At the oral argument of the motion, there was no dispute that petitioner had already filed a claim in Pennsylvania and had received benefits for her injury in Pennsylvania. In an oral opinion, placed on the record on February 2, 2007, Judge Granados held that the petition would be dismissed for lack of jurisdiction.

[A]lthough the Petitioner does and has lived in New Jersey, she appears to have been hired in Pennsylvania, worked in Pennsylvania at the Pennsylvania branch of Barnes & Noble. Even though . . . attached to your motion you have a copy of the ad in the Morning Call Career Builder . . . even that is a Pennsylvania publication, I think, but regardless, the contract of hire was in . . . Pennsylvania. The work took place completely in Pennsylvania. I don't think mere residence in New Jersey is enough to establish sufficient nexus with New Jersey to allow a claim to be placed here.

She's already properly, in my opinion, filed in Pennsylvania, and I believe that's where venue should stay.

The judge also confirmed her understanding that dismissal of the New Jersey petition would not preclude petitioner from continuing her claim in Pennsylvania.


Petitioner relies on Larson's treatise on Workers' Compensation Law, which recognizes six possible bases to assert jurisdiction:

There are six grounds on which the applicability of the particular compensation act has been asserted; they are that the local state is the:

(1) Place where the injury occurred;

(2) Place of making the contract;

(3) Place where the employment relationship exists or is carried out;

(4) Place where the industry is localized;

(5) Place where the employee resides; or

(6) Place whose statute the parties expressly adopted by the contract.

[2 Larson, Law of Workmen's Compensation, § 86.10, p. 368.]

Our courts have looked to Larson's treatise in deciding jurisdictional issues. See, e.g., Williams v. Port Auth. of N.Y. and N.J., 175 N.J. 82, 88 (2003). However, while an employee may under some circumstances file a workers' compensation claim in New Jersey when the employee's work is not entirely performed in this State, the employee's "[r]esidence alone . . . is not a sufficient basis for jurisdiction." Wenzel v. Zantop Air Transp., Inc., 94 N.J. Super. 326, 334 (Law Div.), aff'd o.b. 97 N.J. Super. 264 (App. Div. 1967). In Wenzel, the court held that New Jersey did not have jurisdiction over a pilot's workers' compensation claim, even though he performed a small amount of work in New Jersey. Id. at 335-36.

Likewise, in Connolly v. Port Auth. of N.Y and N.J., 317 N.J. Super. 315 (App. Div. 1998), we held that the mere fact that the Port Authority was a bi-state New Jersey and New York agency did not confer jurisdiction in New Jersey over a claim based on an injury incurred in New York. In reviewing the possible jurisdictional bases, we recognized that "[t]he employee's New Jersey residency appears, as well, to be sufficient, at least where there are also some employment contacts in New Jersey." Id. at 320 (citations omitted; emphasis added).
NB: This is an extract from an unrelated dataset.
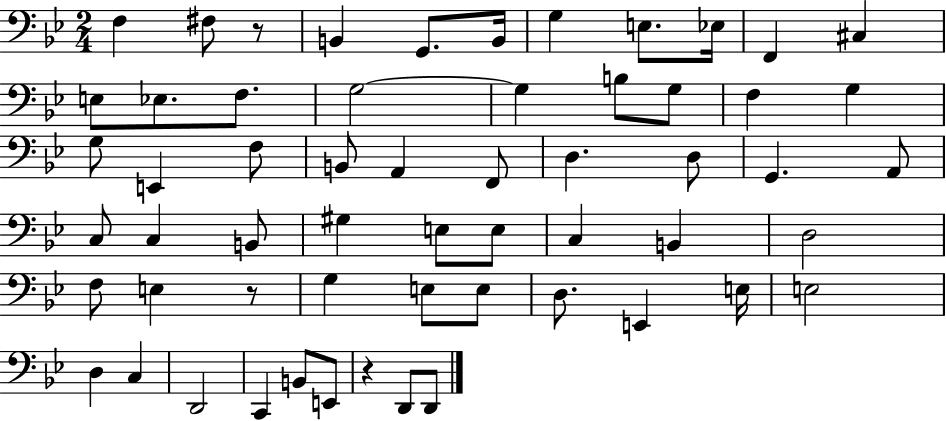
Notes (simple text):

F3/q F#3/e R/e B2/q G2/e. B2/s G3/q E3/e. Eb3/s F2/q C#3/q E3/e Eb3/e. F3/e. G3/h G3/q B3/e G3/e F3/q G3/q G3/e E2/q F3/e B2/e A2/q F2/e D3/q. D3/e G2/q. A2/e C3/e C3/q B2/e G#3/q E3/e E3/e C3/q B2/q D3/h F3/e E3/q R/e G3/q E3/e E3/e D3/e. E2/q E3/s E3/h D3/q C3/q D2/h C2/q B2/e E2/e R/q D2/e D2/e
Here, there are no such employment contacts.

Petitioner's reliance on Phillips v. Oneida Motor Freight, Inc., 163 N.J. Super. 297 (App. Div. 1978), is likewise misplaced. In that case, the employee's work had a clear nexus to New Jersey. "Every assigned work stint of the decedent began in New Jersey or was concluded here. Consequently every such job performance involved to some extent execution of the work in this State." Id. at 302-03. While Phillips recognized that filing a claim petition in another State would not necessarily bar a claimant from also filing a petition here, so long as there was otherwise jurisdiction in New Jersey, id. at 305, Phillips does not support petitioner's claim of jurisdiction here.

In this case, petitioner's employment had no connection to New Jersey, and her petition was properly dismissed for lack of jurisdiction.